Unlawful arrest held insufficient cause for release.

- When a person accused of violating an ordinance was brought before a municipal court having jurisdiction and a formal charge was served on the person according to law, it was not sufficient cause for the person's release in advance of the time set for trial on writ of habeas corpus that the person's arrest was unlawful. Holder v. Beavers, 141 Ga. 217, 80 S.E. 715 (1914).

Errors in commitment hearing.

- Writ of habeas corpus cannot bring into review alleged irregularities or errors of procedure before the committal court, or questions as to the sufficiency of the evidence upon which the applicant in the writ was committed. Young v. Fain, 121 Ga. 737, 49 S.E. 731 (1905).

Writ of habeas corpus cannot be employed to correct errors or irregularities in commitment hearing before justice of the peace, but the judgment committing the defendant must be absolutely void for habeas to issue. Harris v. Norris, 188 Ga. 610, 4 S.E.2d 840 (1939).

While it was the absolute duty of the justice of the peace to cause an abstract of all the evidence to be made and return the abstract to the superior court, failure of the justice to comply with such duty did not so vitiate the hearing and commitment as to render them absolutely void so as to authorize the grant of a writ of habeas corpus. Harris v. Norris, 188 Ga. 610, 4 S.E.2d 840 (1939).

Bail trover.

- Proof by the defendant in bail trover of inability to produce the property sued for, on the return of a writ of habeas corpus issued at the defendant's instance, would not authorize the defendant's discharge. Harris v. Bridges, 57 Ga. 407, 24 Am. R. 495 (1876).

Defendant in bail trover could not procure discharge on habeas corpus sued out by the defendant or at the defendant's instance on the ground that the plaintiff had not met the plaintiff's legal obligations in respect to fees due or to become due the jailor. Perry v. McLendon, 62 Ga. 598 (1879).

Refusal of writ held error.

- Refusal of writ of habeas was error when the individual was arrested and committed to jail to answer before the superior court, but before being actually imprisoned, was carried before the county court, charged with the same offense, pled guilty, was fined, and after a third party agreed to pay the fine, was discharged, but afterwards placed in jail when the third party failed to pay the fine.
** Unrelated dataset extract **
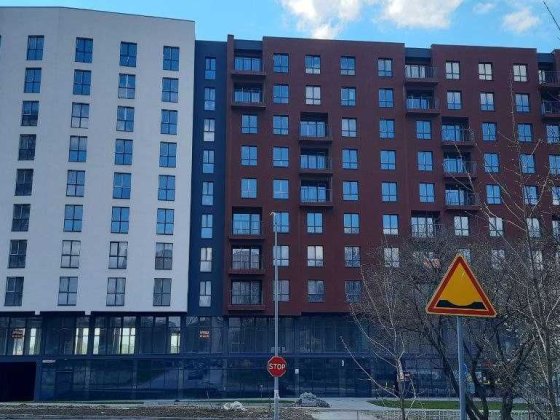 АПАРТАМЕНТИ від власника, будинок ЗДАНИЙ! Право власності 1К 47,05м2 ЖК Трускавецька 48 Скнилів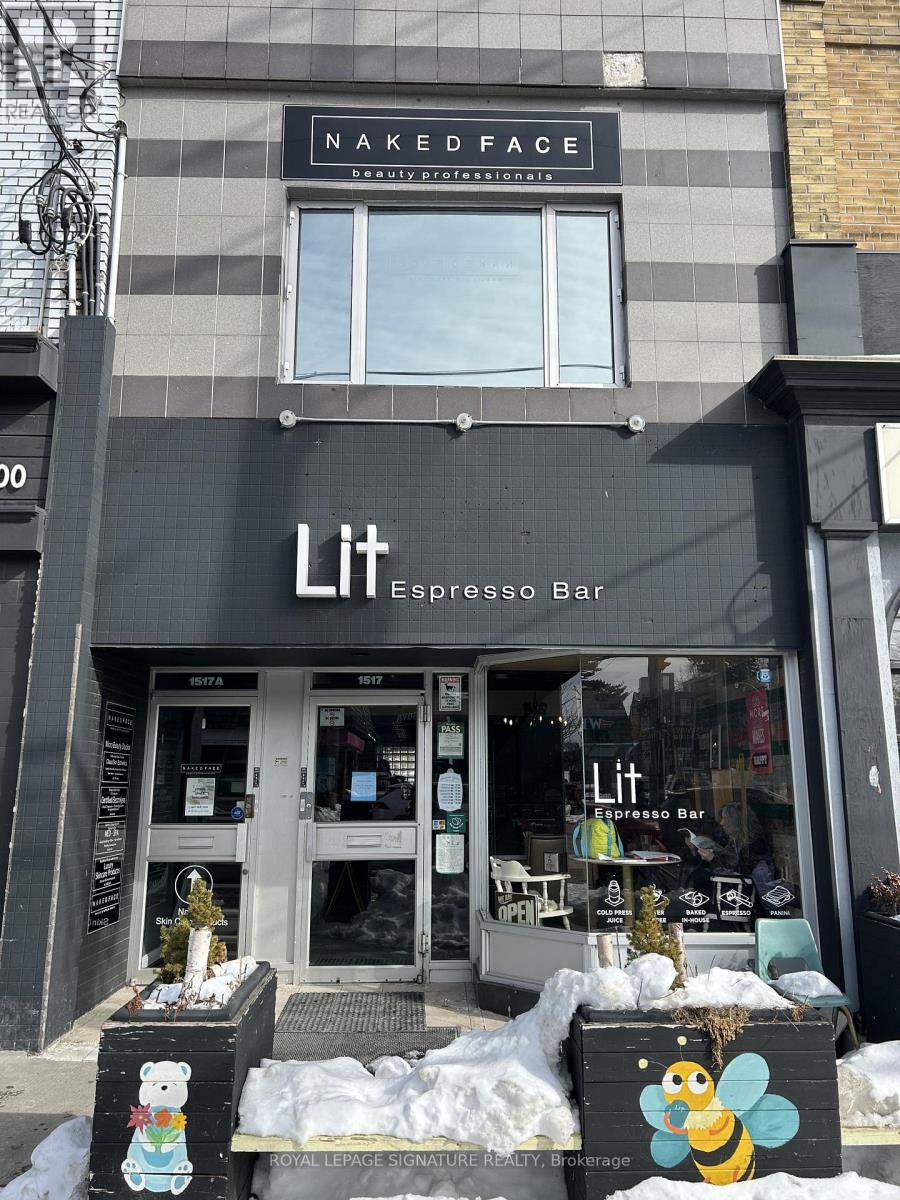 2ND FLR - 1517A BAYVIEW AVENUE E, toronto (leaside), Ontario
Williams v. Mize, 72 Ga. 129 (1883); Howard v. Tucker, 12 Ga. App. 353, 77 S.E. 191 (1913).

Refusal of writ upheld.

- When one refusing to work the public roads was fined and in default of payment imprisoned, such imprisonment was lawful and there was no error in refusing to discharge the petitioner under the writ of habeas corpus. Singleton v. Holmes, 70 Ga. 407 (1883).

Defendant held not entitled to habeas on ground that revocation of order releasing the defendant was void. Aldredge v. Potts, 187 Ga. 290, 200 S.E. 113 (1938).

Refusal on hearing of a writ of habeas corpus to discharge the applicant, held under an extradition warrant as a fugitive from justice for allegedly violating parole, held not error. Broyles v. Mount, 197 Ga. 659, 30 S.E.2d 48 (1944).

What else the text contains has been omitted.